Incrocio tra una scultura già di per sé orribile di Rabarama ed gli eburnei volto e corpo – seppur scultoreo – marmoreo di Achille Lauro, il ‘Frankenstein’ de noialtri di Guillermo del Toro delude per il suo continuo e inarrestabile sapore di falsità.

Lo aveva già fatto nel plagio tratto dal cortometraggio di un giovane studente di cinema che lo denunciò in The shape of waters, a cui ha risarcito piccola cifra rispetto al guadagno milionario del film. E reitera ora.

E, con quella piccola grande ingiuria, ad oggi la trappola per topi di Guillermo del Toro, miete meno vittime.
Almeno per quanto mi riguarda.

Qui il plagio è addirittura peggiore perchè è verso se stesso. Oltre che verso l’idea narrativa di Mary Shelley (1818) che oggi amiamo chiamare REMAKE, direi di chi ha finito idee proprie.
Egli copia il rapporto malsano col femminile che una bestia può avere. Anche questo già esplorato.

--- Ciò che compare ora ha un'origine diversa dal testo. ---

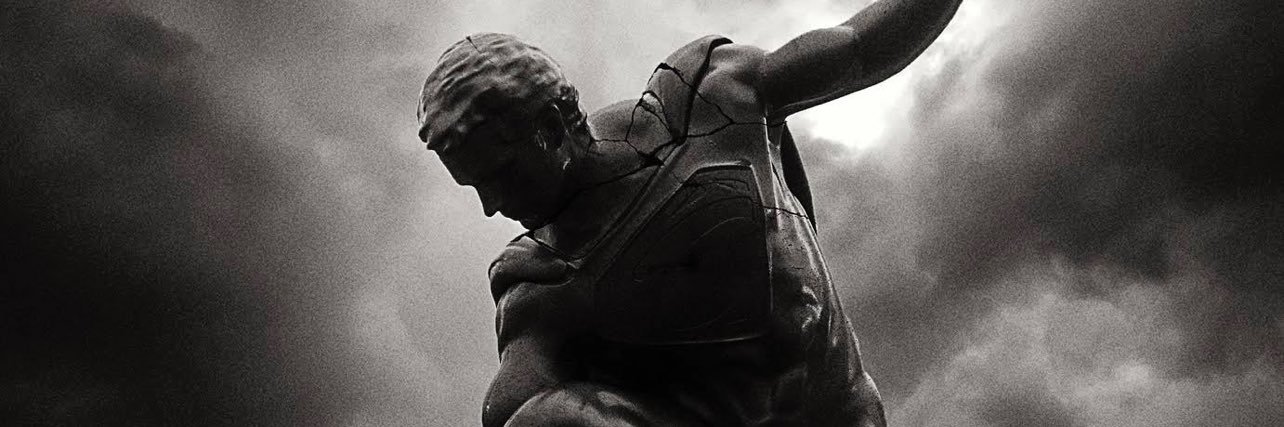 Harsh Critics banner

Vive delle proprie ossessioni e manie.
Infatti lo avevamo già colto anche questo, nella giovane protagonista che si relazionava con dolcezza alla ‘creatura’ marina in The shape of waters.
Qui ciò si reitera malamente, ricordando di nuovo anche la Bella e la Bestia, altro tema poco esplorato e ‘nuovo’.

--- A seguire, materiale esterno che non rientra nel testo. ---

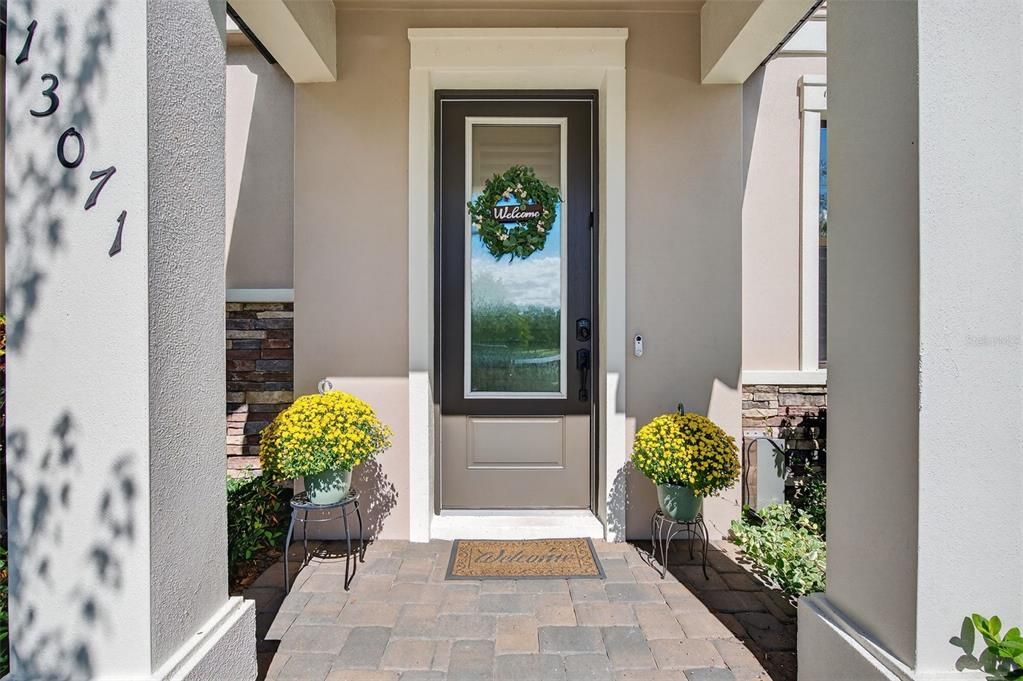 For Sale: $414,900 (3 beds, 2 baths, 1772 Square Feet)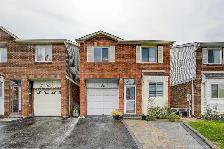 1 BEDROOM BASEMENT APARTMENT FOR RENT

Ma che problemi ha Del toro?
Lui parla fin da piccolo di un’ossessione verso Frankenstein, ma il modo con cui realizza le 2 ore e 20 troppo lunghe, lente e con estetica da Netflix, patinata e piatta, oltre alla falsità di lupi che mangiano pecore e uomini con bruttissimi metodi Ai, adattando il tutto al contemporaneo anche al digitale, tecnologico (I NUOVI MOSTRI ODIERNi) farà di sicuro rigirare la madre del vero Frankenstein nella tomba.
Oltre che noi, spettatori più severi.